While Newmont Mining, SSR Mining were sold, the Fund Manager took advantage of the weakness in gold prices to increase the weighting of Agnico Eagle, Franco Nevada, Wheaton Precious Metals and Royal Gold.
The bond allocation was slightly increased during the first half of the year, taking advantage of the weakness of the bond markets (in April and May) and opportunities in inflation linked bonds.
Conclusion
After a historic correction in the first half of the year, the global equity market rebounded strongly in July, rising by just over 9% in euros before losing just over 2% in August.
Two important factors contributed to this rally of risky assets in July. On the one hand, the publication of generally reassuring quarterly corporate results. On the other hand, the slight decline in inflation recorded in the United States in July. This slight decline in price growth in the United States was interpreted favorably by the markets, supported by the idea that inflation has reached its peak.
However, the central bankers in the main developed countries recalled their determination to continue tightening monetary policies, which led to a reversal of the trend in August.

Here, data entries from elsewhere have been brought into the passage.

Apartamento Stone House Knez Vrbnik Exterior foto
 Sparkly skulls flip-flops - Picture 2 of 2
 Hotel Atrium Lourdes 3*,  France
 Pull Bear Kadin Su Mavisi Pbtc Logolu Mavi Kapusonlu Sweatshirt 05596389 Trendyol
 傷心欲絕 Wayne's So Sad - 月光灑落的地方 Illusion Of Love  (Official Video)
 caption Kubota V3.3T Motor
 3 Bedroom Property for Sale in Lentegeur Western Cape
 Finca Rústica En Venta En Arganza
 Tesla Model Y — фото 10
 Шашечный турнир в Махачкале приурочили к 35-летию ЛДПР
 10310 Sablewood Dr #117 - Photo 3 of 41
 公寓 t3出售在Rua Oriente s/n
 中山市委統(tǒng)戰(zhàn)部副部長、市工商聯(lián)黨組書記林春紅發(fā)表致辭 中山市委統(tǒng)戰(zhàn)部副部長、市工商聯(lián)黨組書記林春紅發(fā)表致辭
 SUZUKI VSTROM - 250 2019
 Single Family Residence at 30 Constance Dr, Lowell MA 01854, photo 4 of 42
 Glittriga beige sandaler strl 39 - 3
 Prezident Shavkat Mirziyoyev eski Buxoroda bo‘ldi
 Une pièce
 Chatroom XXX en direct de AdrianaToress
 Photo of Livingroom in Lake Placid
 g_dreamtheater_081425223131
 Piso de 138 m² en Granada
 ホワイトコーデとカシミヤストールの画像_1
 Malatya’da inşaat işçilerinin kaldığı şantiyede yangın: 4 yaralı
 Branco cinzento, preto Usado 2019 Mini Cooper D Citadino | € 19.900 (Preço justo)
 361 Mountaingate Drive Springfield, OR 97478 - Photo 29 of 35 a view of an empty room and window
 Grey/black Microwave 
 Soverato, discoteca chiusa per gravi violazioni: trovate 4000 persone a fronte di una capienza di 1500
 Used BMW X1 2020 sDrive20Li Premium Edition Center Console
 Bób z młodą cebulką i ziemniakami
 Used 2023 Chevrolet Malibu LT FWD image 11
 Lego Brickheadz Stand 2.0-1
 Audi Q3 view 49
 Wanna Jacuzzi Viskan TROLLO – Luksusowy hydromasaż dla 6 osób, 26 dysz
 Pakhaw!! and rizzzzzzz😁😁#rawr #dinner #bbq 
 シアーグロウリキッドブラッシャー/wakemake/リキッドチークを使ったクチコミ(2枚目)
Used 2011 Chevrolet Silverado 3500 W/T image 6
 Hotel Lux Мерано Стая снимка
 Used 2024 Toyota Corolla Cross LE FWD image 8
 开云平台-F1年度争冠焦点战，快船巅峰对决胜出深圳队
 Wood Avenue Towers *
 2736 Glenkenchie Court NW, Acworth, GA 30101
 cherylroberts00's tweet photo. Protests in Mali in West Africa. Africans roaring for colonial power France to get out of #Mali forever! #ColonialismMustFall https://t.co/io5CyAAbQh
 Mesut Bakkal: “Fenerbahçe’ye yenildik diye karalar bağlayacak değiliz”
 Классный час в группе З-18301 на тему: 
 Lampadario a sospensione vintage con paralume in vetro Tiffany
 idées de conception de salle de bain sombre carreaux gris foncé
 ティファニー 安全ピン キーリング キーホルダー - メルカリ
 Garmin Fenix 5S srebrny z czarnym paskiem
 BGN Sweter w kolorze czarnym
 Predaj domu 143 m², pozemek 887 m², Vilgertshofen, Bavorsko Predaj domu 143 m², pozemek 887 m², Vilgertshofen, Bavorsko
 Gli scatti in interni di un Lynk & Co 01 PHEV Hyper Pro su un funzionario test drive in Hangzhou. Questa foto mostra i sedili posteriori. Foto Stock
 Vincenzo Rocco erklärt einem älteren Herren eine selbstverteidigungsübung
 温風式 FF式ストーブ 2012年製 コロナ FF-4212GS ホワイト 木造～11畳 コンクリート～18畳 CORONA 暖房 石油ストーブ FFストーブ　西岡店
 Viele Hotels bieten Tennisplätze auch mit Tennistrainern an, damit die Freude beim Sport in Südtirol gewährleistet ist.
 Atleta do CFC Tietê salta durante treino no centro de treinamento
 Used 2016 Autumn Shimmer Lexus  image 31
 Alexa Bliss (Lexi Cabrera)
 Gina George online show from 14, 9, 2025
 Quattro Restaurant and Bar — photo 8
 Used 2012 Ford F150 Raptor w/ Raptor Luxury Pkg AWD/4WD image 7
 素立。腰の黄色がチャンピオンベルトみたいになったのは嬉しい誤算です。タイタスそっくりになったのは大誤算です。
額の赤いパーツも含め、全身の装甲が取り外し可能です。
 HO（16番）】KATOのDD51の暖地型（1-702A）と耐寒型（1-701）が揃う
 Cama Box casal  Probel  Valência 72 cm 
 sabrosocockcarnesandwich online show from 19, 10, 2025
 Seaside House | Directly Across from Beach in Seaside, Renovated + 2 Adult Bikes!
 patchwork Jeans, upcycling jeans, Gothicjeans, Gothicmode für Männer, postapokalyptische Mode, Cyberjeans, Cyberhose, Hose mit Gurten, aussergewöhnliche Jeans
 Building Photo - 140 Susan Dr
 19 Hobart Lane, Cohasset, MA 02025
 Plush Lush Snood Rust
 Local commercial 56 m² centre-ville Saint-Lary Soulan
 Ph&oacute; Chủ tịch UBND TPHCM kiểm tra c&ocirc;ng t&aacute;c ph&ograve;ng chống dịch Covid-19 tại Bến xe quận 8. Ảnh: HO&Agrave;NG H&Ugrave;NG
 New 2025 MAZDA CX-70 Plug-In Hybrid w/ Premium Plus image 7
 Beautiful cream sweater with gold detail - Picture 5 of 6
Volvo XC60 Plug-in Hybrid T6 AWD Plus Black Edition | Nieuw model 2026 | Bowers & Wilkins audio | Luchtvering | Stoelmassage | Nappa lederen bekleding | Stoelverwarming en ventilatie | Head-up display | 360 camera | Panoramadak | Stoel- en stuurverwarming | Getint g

The equity component, which now accounts for 74.5% (gross) and 48.8% (net) of the portfolio, remains the main contributor to the portfolio's long-term performance. It is composed of quality securities with complementary profiles combined according to the market context (secular growth, attractive valuation, defensive character). In addition, positions in cash, long dated sovereign bonds and gold companies are maintained to protect the portfolio during more difficult periods for equities.